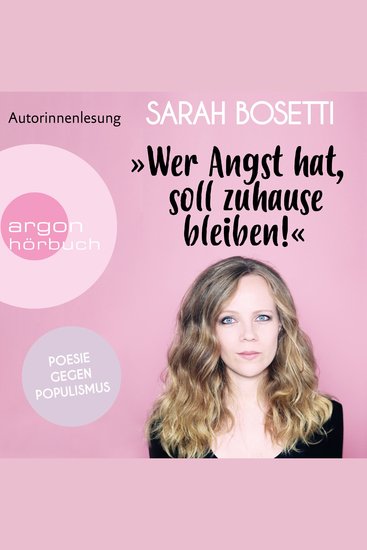 "Wer Angst hat soll zuhause bleiben!" - Poesie gegen Populismus (Ungekürzte Autorinnenlesung) - cover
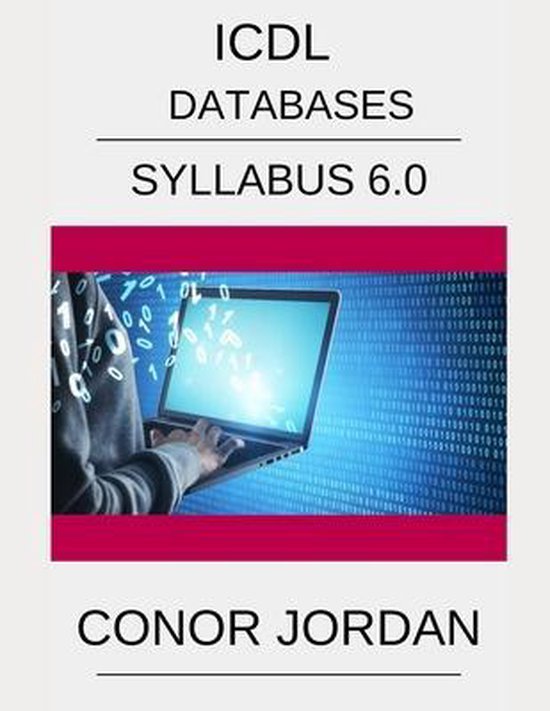ICDL DATABASES SYLLABUS 6.0, Conor Jordan. Een laptop wordt getoond met digitale binaire code die uit het scherm stroomt.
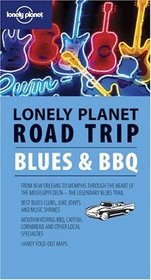 Lonely Planet Road Trip Blues  Bbq (Road Trip Guide)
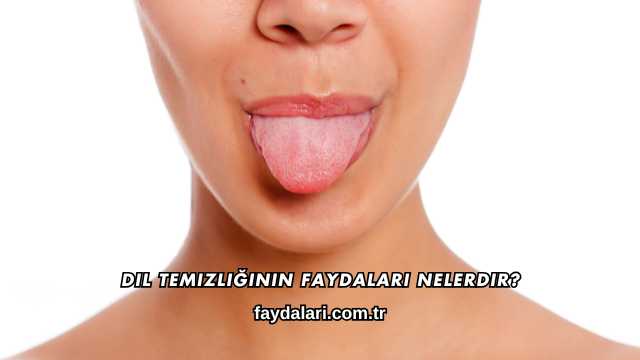 Dil Temizliğinin Faydaları Nelerdir?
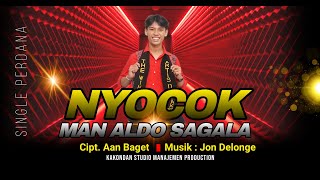 Single Perdana Aldo Sagala Winer Putra ADG 3 - Nyocok Man Aldo Sagala (Official Musik Video)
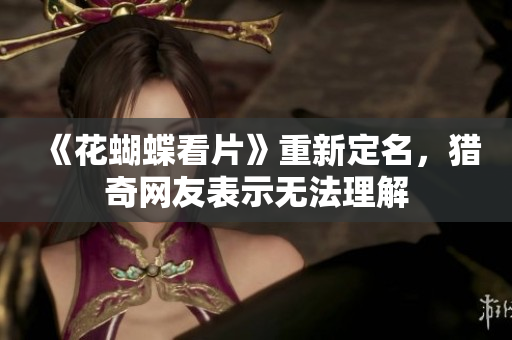 《花蝴蝶看片》重新定名，猎奇网友表示无法理解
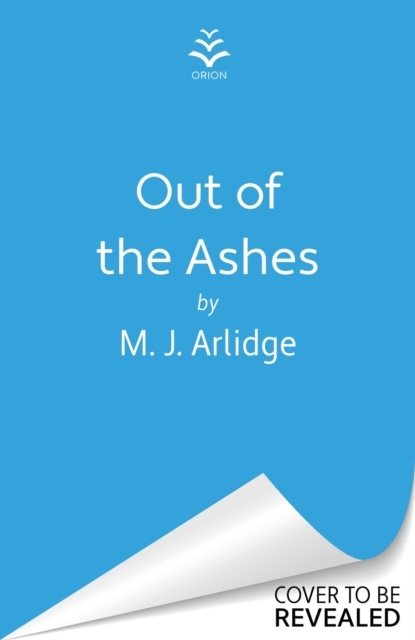Out of the Ashes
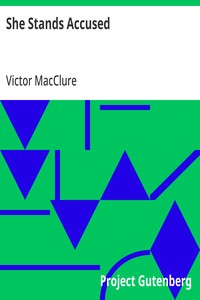She Stands Accused — Victor MacClure cover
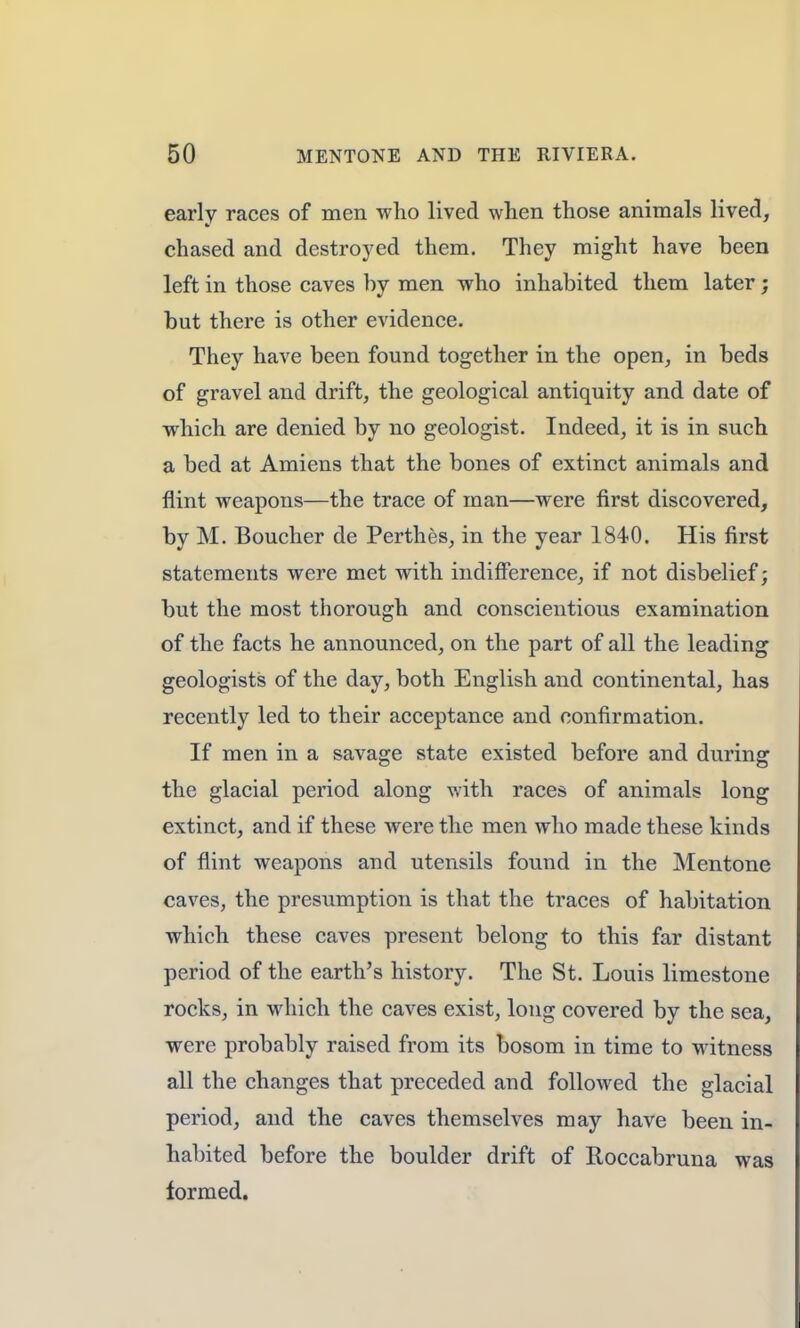 early races of men who lived when those animals lived, chased and destroyed them. They might have been left in those caves by men who inhabited them later; but there is other evidence. They have been found together in the open, in beds of gravel and drift, the geological antiquity and date of which are denied by no geologist. Indeed, it is in such a bed at Amiens that the bones of extinct animals and flint weapons—the trace of man—were first discovered, by M. Boucher de Perthes, in the year 1840. His first statements were met with indifference, if not disbelief; but the most thorough and conscientious examination of the facts he announced, on the part of all the leading geologists of the day, both English and continental, has recently led to their acceptance and confirmation. If men in a savage state existed before and during the glacial period along with races of animals long extinct, and if these were the men who made these kinds of flint weapons and utensils found in the Mentone caves, the presumption is that the traces of habitation which these caves present belong to this far distant period of the earth's history. The St. Louis limestone rocks, in which the caves exist, long covered by the sea, were probably raised from its bosom in time to witness all the changes that preceded and followed the glacial period, and the caves themselves may have been in- habited before the boulder drift of Roccabruna was formed.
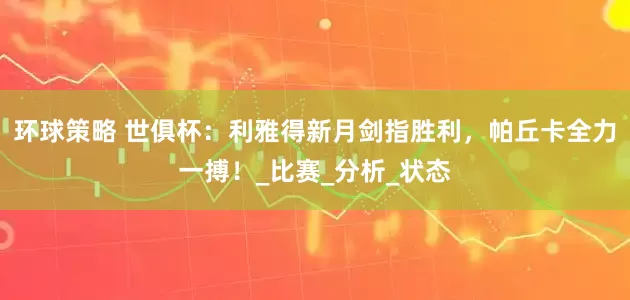 环球策略 世俱杯：利雅得新月剑指胜利，帕丘卡全力一搏！_比赛_分析_状态
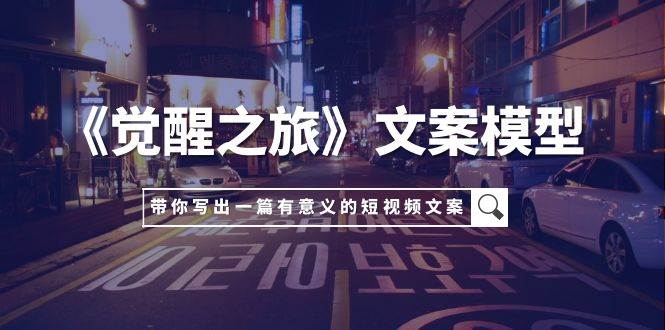 《觉醒之旅》文案模型，带着你用你的一件小事写出一篇有意义的短视频文案_网创掘金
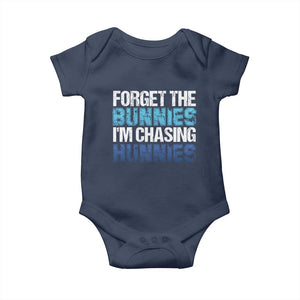 Funny Easter Baby Onesie Forget The Bunnies Im Chasing Hunnies TS10 Navy Print Your Wear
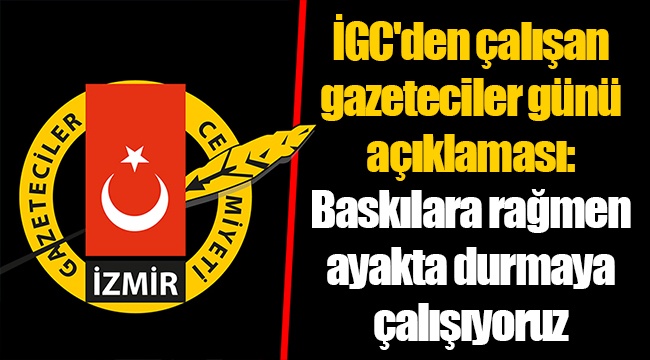 İGC'den çalışan gazeteciler günü açıklaması: Baskılara rağmen ayakta durmaya çalışıyoruz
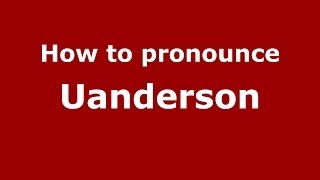 How to pronounce Uanderson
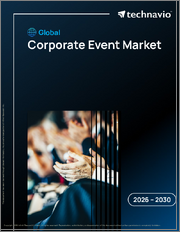 Global Corporate Event Market 2026-2030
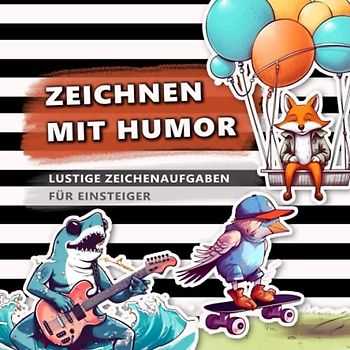 Zeichnen mit Humor: Lustige Zeichenaufgaben für Einsteiger - Verbessere deine Fähigkeiten im Characterdesign, übe kreatives zeichnen und malen mit Spaß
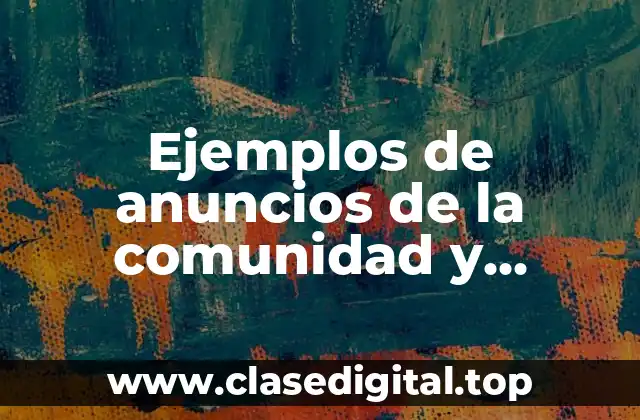 Ejemplos de anuncios de la comunidad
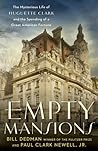 Empty Mansions: T...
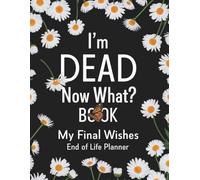 I'm Dead Now What Book My Final Wishes: An Easy-to-Use Planner for Recording Essential Information, Personal Messages, and End-of-Life letters for Family and Friends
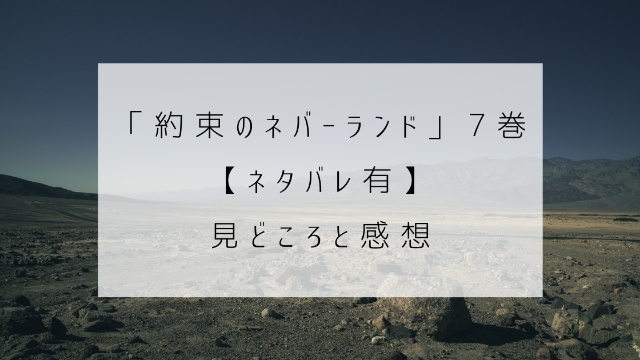 約束のネバーランド　７巻　ネタバレ　見どころ　感想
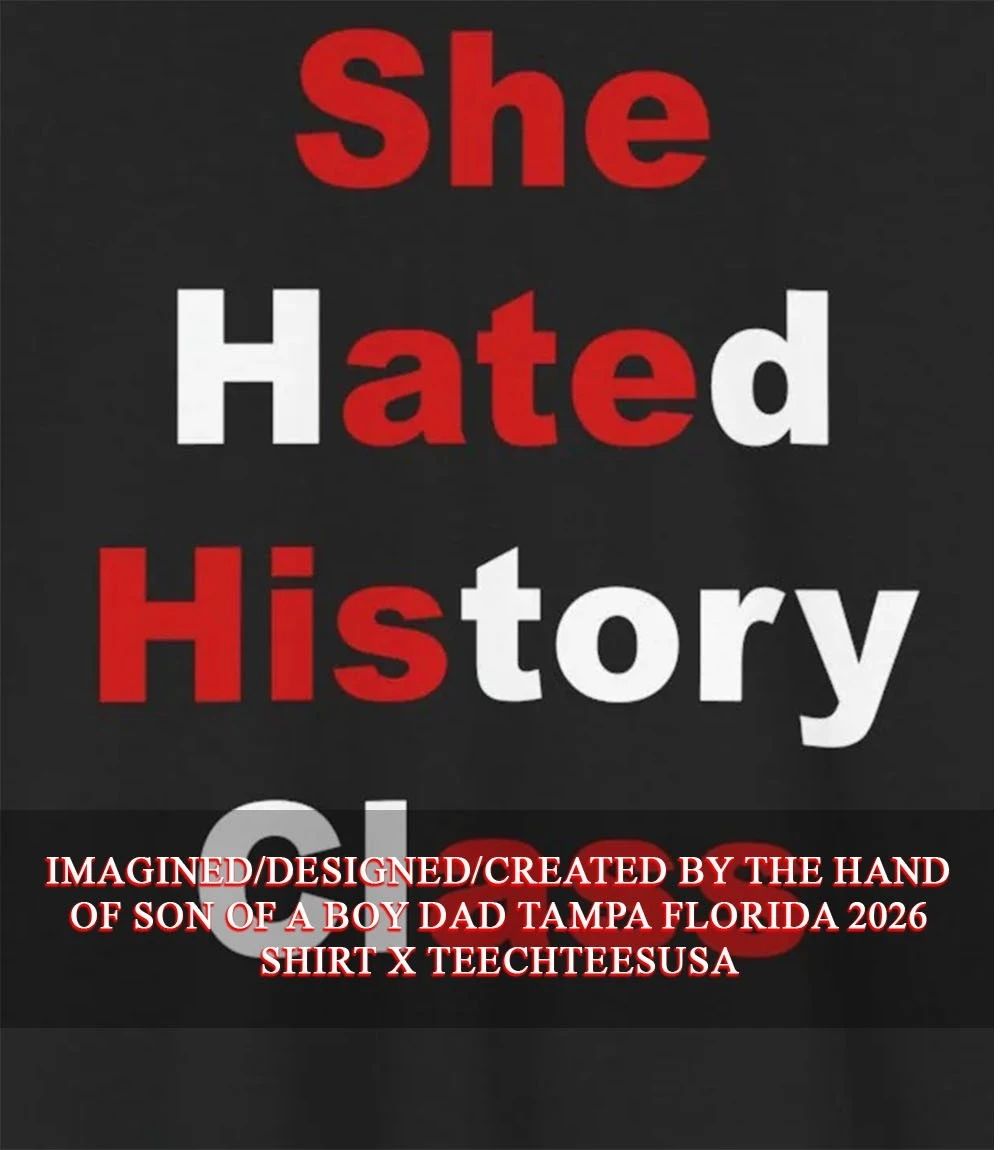 She hated history class shirt Unisex T-shirt, Sweatshirt, Hoodie, Long Sleeve Tee - T-Shirt, Sweatshirt, Hoodie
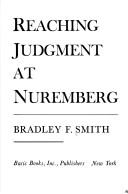 Reaching judgment at Nuremberg /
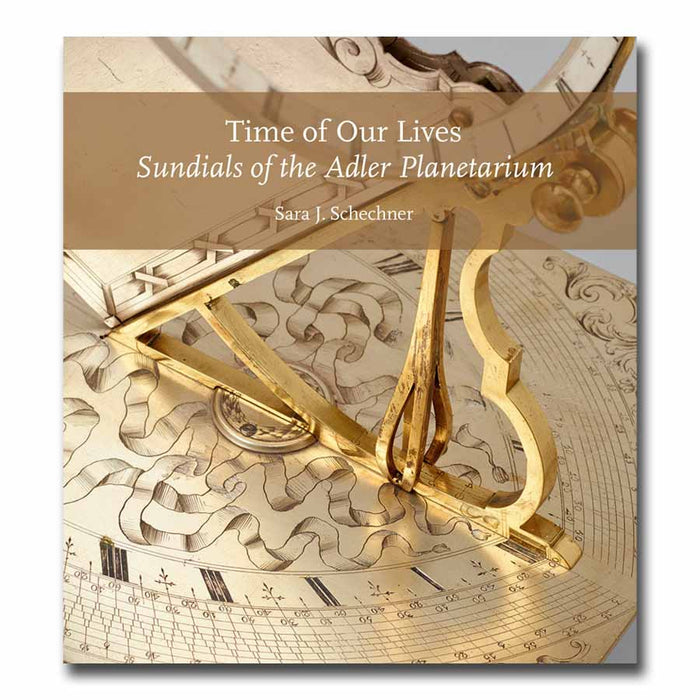 Time of Our Lives: Sundials of the Adler Planetarium Book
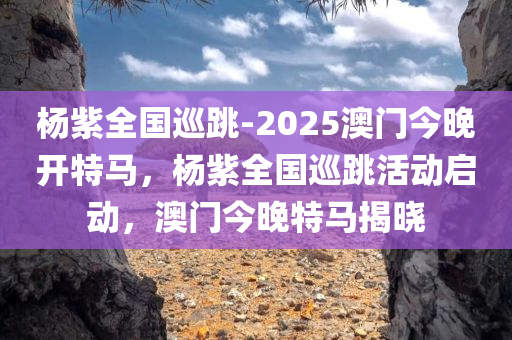 杨紫全国巡跳-2025澳门今晚开特马，杨紫全国巡跳活动启动，澳门今晚特马揭晓，杨紫全国巡跳活动启动暨澳门特马揭晓之夜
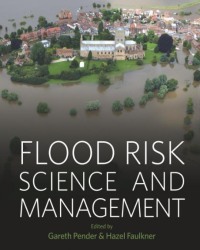 Gareth Pender - Flood Risk Science and Management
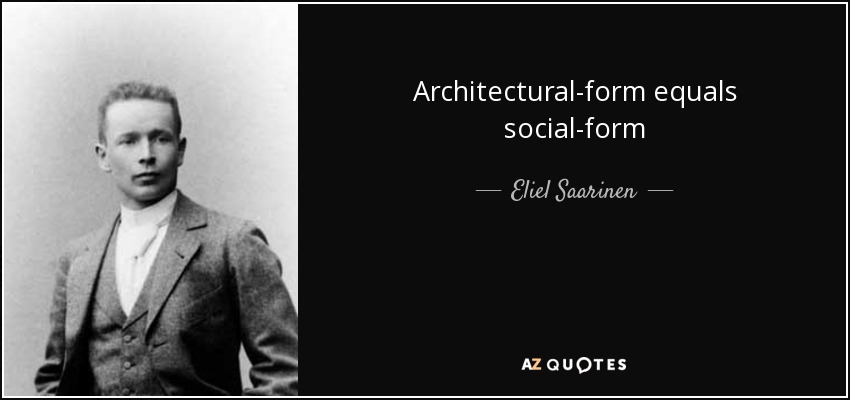 Architectural-form equals social-form - Eliel Saarinen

::::

> **Work to complete**: Return only the part above that opens with the line containing "Dil Temizliğinin Faydaları Nelerdir?" and closes with the line containing "She Stands Accused — Victor MacClure cover", exactly and with both ends, skipping the pictures.

> **Task solution**:
 Dil Temizliğinin Faydaları Nelerdir?
 Single Perdana Aldo Sagala Winer Putra ADG 3 - Nyocok Man Aldo Sagala (Official Musik Video)
 《花蝴蝶看片》重新定名，猎奇网友表示无法理解
Out of the Ashes
She Stands Accused — Victor MacClure cover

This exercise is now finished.